The trial Magistrate overruled the objection but the learned Additional Sessions Judge, Patiala. on revision sustained it.
2. Since the order of the trial Magistrate had been upset by the Additional Sessions Judge, Patiala, a revision lay to this Court and not a petition Under Section 482, Code of Criminal Procedure. That is clear from the provisions of Section 397, Code of Criminal Procedure. So this petition is treated as a revision. Thus, the scope of the proceedings has become widened. There may be a difference of opinion on the evidence led on the subject as to whether the offending husband last resided with the petitioner-wife within the territorial jurisdiction of the Court at Nabha. But alternatively, the Court where the wife by the first marriage has taken up a permanent residence after the commission of the offence also has the jurisdiction. Learned Counsel for the petitioner rightly, to begin with, pressed this alternate argument by contending that the wife was residing within the territorial jurisdiction of Nabha after the commission of the offence, in her father's house, and was also working for gain within that territory. By adopting this stance, it is obvious that the first plea of jurisdiction has been abandoned and the alternate one set up. To this, the learned Counsel for the respondents has objection, by contending that on these facts it cannot be established that the petitioner-wife has taken up permanent residence after the commission of the said offence. He is sanguine that unless there is an assertion to that effect in the complaint or in the evidence, the jurisdiction as alternatively set up cannot be founded.

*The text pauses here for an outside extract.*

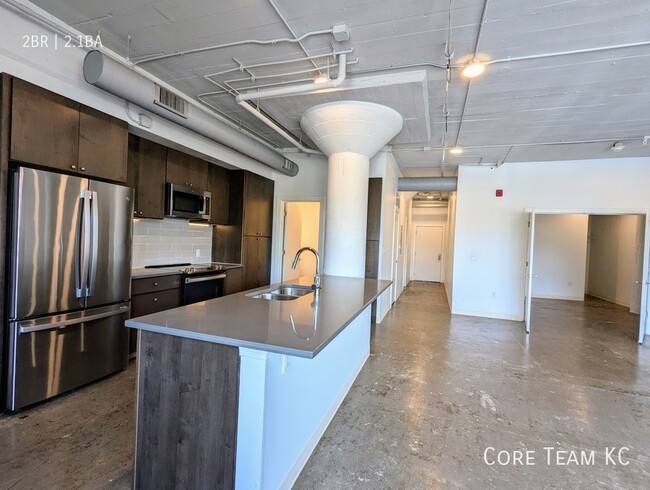 Building Photo - Monarch 2 Bedroom Loft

3. As it seems to me, the spirit of Section 182(2) of the Code of Criminal Procedure is to throw open a convenient jurisdiction to the offended spouse. Even while reading evidence for the purpose, the Courts have to lean towards that angle in fixing jurisdiction. Though it is true that the allegations in the complaint and the evidence of the wife are silent about her permanent residence within the territorial jurisdiction of the Court at Nabha, yet the Courts below could have drawn the inference from the mere incidence of her residence within jurisdiction, to be permanent residence. An absolute strict construction of the word 'permanent' in the sequence could lead to many an undesirable result and an abuse of the process of the Court. Thus, the impugned order of the Additional Sessions Judge is quashed and that of the Judicial Magistrate 1st Class supplanted (sustained?) by holding that the wife had a permanent residence, after the commission of the offence complained of, within the territorial jurisdiction of the Criminal Court at Nabha. And further that the trial Magistrate had the jurisdiction to try the offence. Ordered accordingly.
4. The parties through their learned Counsel are directed to put in appearance before that Court on January 9. 1985.